_THE DATA_.
********
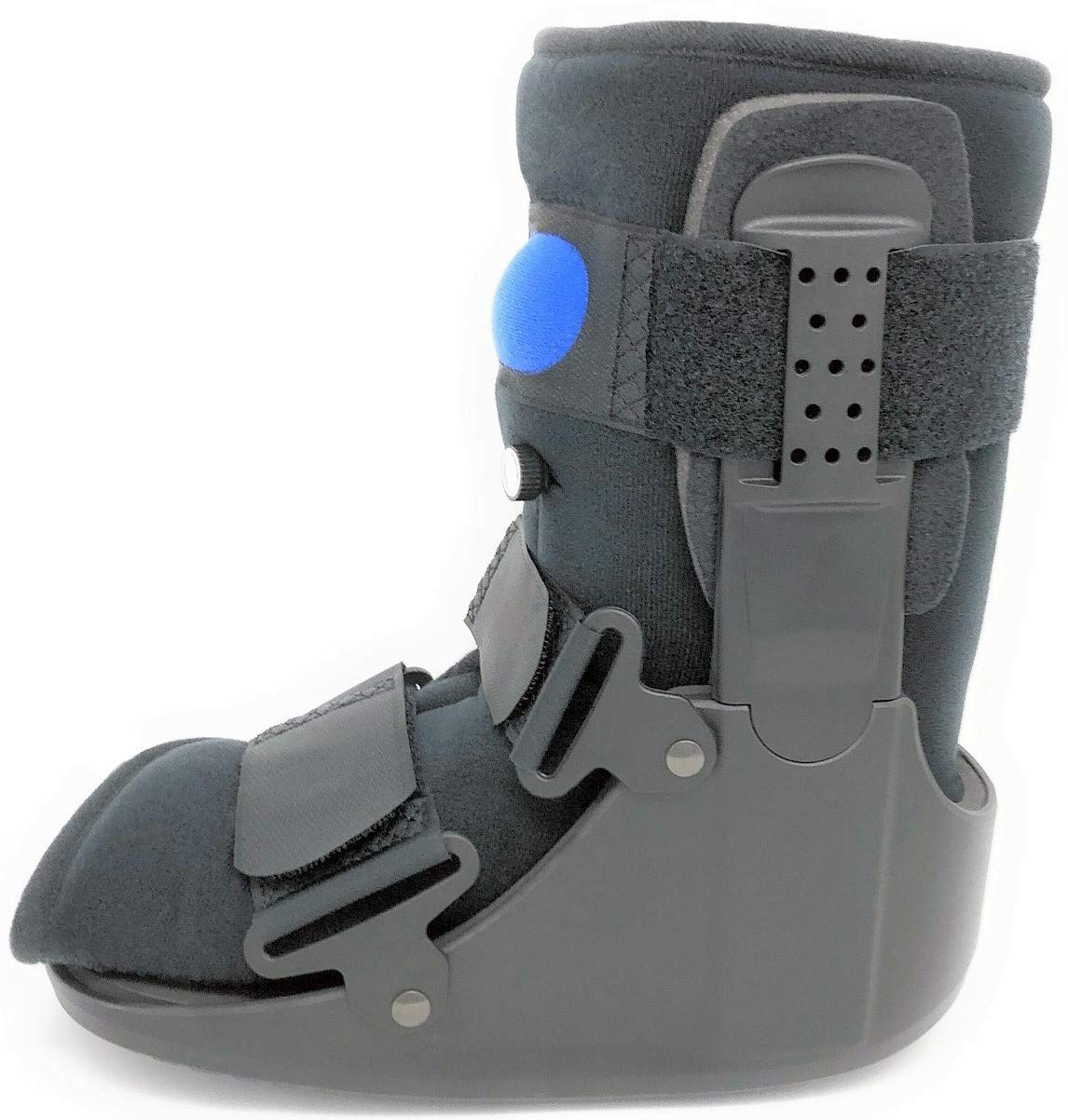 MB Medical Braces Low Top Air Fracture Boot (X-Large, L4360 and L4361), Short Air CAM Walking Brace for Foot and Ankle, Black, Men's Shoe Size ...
********
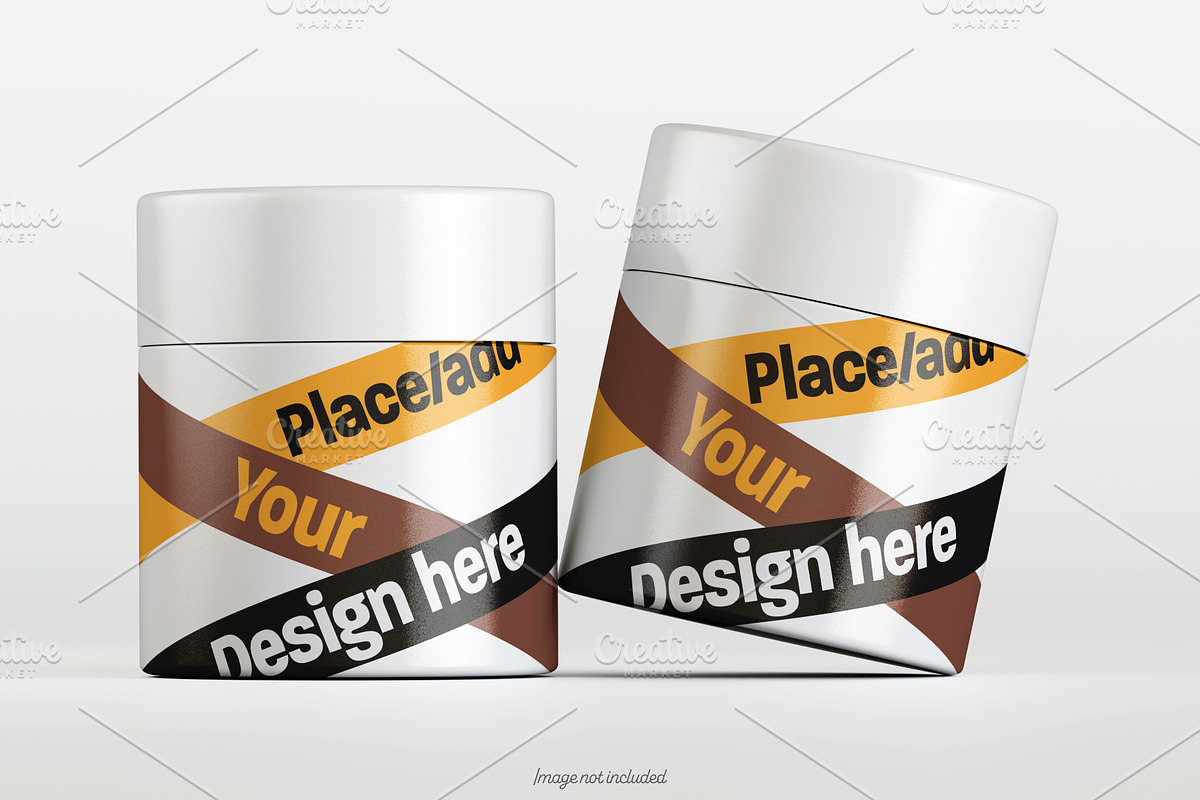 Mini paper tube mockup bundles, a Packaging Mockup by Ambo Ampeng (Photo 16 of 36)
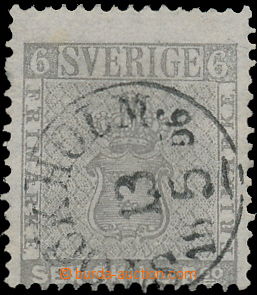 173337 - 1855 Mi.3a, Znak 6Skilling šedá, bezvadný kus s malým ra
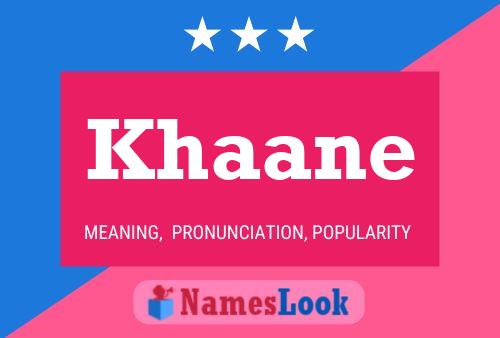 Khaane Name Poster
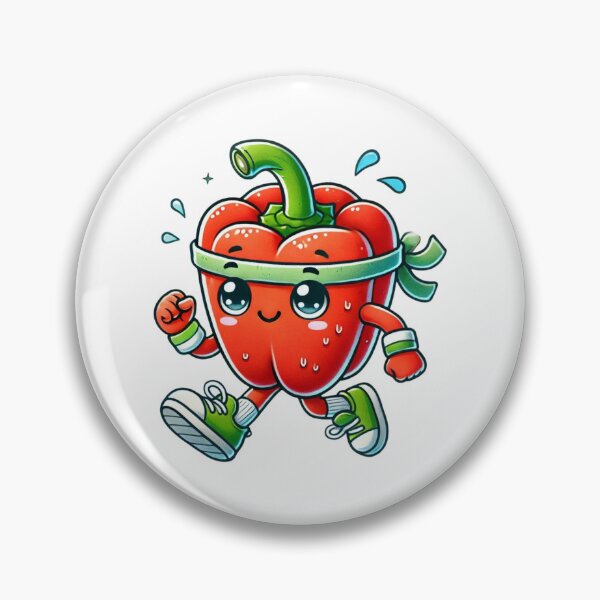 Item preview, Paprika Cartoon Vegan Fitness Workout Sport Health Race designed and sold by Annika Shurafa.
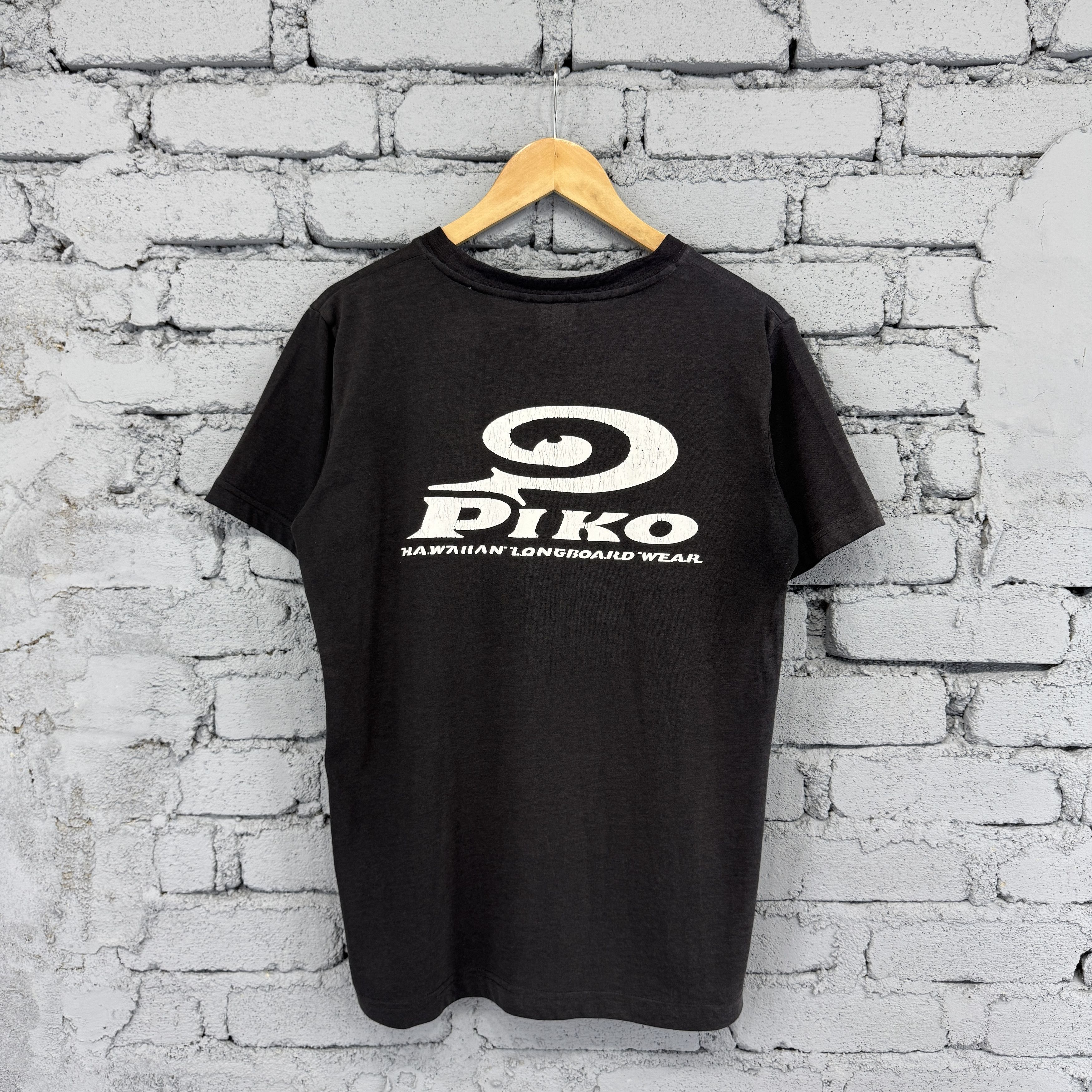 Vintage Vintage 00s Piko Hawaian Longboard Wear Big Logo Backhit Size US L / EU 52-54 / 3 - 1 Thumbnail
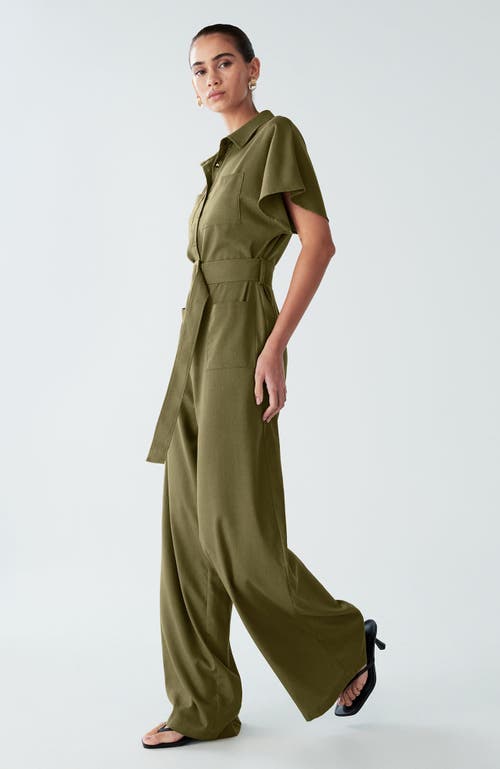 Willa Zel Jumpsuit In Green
********
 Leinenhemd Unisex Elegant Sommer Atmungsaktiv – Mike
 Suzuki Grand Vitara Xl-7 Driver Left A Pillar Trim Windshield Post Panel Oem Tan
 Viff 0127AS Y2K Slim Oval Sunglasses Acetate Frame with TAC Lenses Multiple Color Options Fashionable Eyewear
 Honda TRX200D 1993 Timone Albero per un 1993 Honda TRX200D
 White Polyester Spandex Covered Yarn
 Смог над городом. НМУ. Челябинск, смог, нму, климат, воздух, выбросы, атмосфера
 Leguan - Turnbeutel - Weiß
********
_INSTRUCTIONS TO FOLLOW_.
Retype, exactly and in full, the lines above from the one containing "Leinenhemd Unisex Elegant" through the one containing "Leguan - Turnbeutel - Weiß".

_ANSWER SECTION_.
 Leinenhemd Unisex Elegant Sommer Atmungsaktiv – Mike
 Suzuki Grand Vitara Xl-7 Driver Left A Pillar Trim Windshield Post Panel Oem Tan
 Viff 0127AS Y2K Slim Oval Sunglasses Acetate Frame with TAC Lenses Multiple Color Options Fashionable Eyewear
 Honda TRX200D 1993 Timone Albero per un 1993 Honda TRX200D
 White Polyester Spandex Covered Yarn
 Смог над городом. НМУ. Челябинск, смог, нму, климат, воздух, выбросы, атмосфера
 Leguan - Turnbeutel - Weiß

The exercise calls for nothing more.